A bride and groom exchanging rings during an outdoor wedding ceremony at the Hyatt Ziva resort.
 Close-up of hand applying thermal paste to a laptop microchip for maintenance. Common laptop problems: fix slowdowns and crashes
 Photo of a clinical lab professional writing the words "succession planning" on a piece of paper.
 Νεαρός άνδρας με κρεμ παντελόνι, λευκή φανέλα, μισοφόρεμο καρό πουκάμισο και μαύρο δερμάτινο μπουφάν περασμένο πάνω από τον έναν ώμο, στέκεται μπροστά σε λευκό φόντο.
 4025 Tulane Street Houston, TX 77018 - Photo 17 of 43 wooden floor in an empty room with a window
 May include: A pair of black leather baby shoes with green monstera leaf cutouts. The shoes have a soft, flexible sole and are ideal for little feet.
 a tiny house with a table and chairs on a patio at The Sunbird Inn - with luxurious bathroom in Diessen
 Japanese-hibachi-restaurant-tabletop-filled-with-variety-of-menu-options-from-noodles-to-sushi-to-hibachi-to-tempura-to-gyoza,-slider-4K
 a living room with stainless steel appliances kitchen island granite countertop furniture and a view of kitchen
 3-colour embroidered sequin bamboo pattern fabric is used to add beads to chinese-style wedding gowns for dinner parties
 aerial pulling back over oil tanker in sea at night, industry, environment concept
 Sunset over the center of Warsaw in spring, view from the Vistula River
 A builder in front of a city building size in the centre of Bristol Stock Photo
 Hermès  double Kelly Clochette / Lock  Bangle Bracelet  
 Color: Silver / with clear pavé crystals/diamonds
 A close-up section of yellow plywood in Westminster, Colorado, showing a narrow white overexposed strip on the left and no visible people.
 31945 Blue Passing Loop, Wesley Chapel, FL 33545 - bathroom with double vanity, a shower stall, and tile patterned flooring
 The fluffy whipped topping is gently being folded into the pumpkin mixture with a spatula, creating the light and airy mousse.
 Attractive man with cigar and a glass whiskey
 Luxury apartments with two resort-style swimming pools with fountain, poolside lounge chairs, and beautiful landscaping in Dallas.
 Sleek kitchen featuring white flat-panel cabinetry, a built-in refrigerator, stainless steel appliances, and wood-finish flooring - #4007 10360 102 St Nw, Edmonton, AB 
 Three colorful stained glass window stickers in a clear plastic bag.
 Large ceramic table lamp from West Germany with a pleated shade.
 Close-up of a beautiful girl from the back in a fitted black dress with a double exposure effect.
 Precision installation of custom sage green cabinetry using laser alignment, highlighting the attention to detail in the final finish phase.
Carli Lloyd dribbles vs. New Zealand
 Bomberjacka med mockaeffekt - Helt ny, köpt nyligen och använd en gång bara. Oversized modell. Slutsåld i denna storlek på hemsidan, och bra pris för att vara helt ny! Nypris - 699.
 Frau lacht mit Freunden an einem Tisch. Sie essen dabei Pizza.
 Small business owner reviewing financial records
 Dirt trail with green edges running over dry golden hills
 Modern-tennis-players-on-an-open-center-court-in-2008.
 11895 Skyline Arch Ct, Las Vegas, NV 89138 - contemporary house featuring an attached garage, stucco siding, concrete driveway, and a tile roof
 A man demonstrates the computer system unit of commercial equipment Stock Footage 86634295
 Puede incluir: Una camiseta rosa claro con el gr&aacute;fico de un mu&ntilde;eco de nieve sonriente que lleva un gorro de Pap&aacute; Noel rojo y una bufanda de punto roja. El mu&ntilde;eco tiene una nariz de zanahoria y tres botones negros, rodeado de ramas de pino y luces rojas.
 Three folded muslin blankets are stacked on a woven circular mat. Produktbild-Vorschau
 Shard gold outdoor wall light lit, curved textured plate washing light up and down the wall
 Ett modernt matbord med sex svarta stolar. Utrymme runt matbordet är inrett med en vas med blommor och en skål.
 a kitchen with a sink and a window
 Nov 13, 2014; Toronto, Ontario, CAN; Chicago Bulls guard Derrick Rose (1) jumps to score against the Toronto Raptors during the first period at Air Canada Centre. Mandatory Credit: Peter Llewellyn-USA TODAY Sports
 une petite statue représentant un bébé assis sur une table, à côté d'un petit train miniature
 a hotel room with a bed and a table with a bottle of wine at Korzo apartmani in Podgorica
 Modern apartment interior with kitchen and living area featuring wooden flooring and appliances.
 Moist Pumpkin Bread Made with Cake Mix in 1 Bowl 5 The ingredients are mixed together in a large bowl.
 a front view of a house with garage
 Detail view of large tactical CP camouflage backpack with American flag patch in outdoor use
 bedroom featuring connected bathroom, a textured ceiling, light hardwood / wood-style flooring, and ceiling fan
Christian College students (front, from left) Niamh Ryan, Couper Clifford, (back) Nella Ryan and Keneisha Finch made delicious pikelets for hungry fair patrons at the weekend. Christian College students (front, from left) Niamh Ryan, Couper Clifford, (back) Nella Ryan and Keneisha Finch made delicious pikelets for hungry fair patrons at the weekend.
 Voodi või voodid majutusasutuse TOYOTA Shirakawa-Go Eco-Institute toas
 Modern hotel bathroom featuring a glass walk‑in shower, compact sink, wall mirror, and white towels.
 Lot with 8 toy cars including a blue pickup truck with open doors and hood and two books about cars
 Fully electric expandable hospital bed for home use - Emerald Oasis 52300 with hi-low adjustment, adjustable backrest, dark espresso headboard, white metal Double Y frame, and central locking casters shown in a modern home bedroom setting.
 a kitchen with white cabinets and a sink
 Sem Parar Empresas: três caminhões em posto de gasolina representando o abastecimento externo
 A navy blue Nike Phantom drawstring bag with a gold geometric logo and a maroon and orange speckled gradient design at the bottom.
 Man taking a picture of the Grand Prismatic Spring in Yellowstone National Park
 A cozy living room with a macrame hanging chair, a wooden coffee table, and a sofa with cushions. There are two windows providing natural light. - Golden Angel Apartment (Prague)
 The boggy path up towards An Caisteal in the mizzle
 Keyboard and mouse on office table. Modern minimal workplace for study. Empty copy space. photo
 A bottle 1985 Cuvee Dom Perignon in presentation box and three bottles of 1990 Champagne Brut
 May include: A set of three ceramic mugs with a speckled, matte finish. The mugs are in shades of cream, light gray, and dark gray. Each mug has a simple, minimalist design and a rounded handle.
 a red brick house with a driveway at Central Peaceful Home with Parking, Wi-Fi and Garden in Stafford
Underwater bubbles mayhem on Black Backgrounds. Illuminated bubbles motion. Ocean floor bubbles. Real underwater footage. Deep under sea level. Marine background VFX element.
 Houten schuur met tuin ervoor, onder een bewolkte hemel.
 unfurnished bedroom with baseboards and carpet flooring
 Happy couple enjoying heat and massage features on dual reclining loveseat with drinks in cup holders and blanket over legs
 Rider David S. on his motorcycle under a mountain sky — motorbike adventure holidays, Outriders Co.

◇ ◇ ◇ ◇ ◇ ◇ ◇

**Exercise requirements:** Scan the material above for "glass". Copy every line where it appears.

**Reply:**
 Attractive man with cigar and a glass whiskey
 Three colorful stained glass window stickers in a clear plastic bag.
 Modern hotel bathroom featuring a glass walk‑in shower, compact sink, wall mirror, and white towels.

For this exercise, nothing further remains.